_RECORDED DATA_
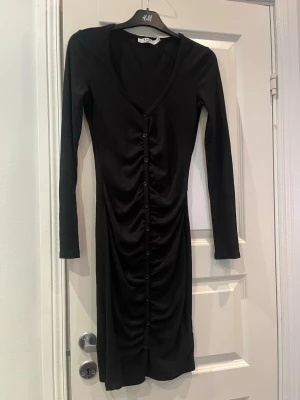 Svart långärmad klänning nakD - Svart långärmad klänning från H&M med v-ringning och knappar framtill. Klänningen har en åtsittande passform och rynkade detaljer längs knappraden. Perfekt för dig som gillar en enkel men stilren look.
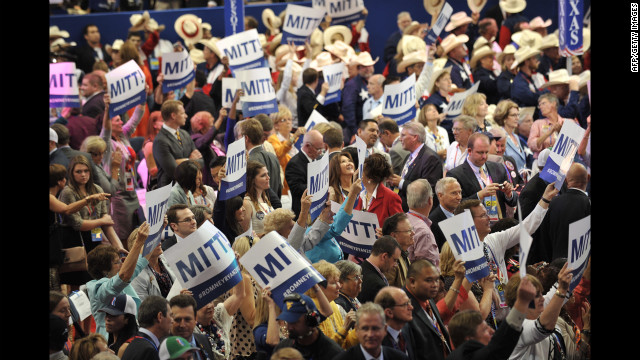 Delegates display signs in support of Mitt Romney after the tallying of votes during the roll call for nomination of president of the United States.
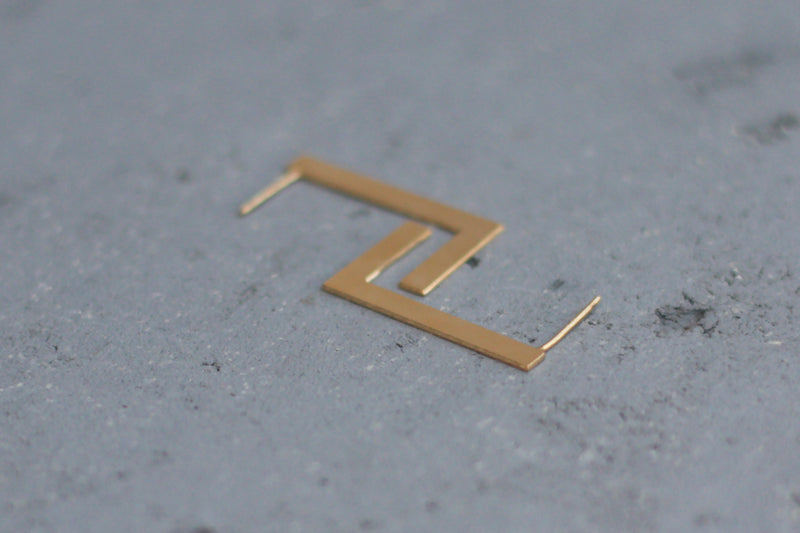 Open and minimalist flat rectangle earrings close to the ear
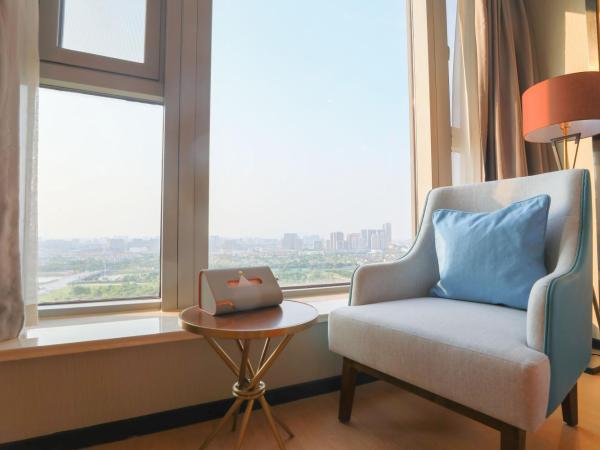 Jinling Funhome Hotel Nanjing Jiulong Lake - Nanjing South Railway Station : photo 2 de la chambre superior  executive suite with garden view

_PROBLEM DESCRIPTION_
Every line above should be output exactly, except for the pictures.

_YOUR RESPONSE_
 Svart långärmad klänning nakD - Svart långärmad klänning från H&M med v-ringning och knappar framtill. Klänningen har en åtsittande passform och rynkade detaljer längs knappraden. Perfekt för dig som gillar en enkel men stilren look.
 Delegates display signs in support of Mitt Romney after the tallying of votes during the roll call for nomination of president of the United States.
 Open and minimalist flat rectangle earrings close to the ear
 Jinling Funhome Hotel Nanjing Jiulong Lake - Nanjing South Railway Station : photo 2 de la chambre superior  executive suite with garden view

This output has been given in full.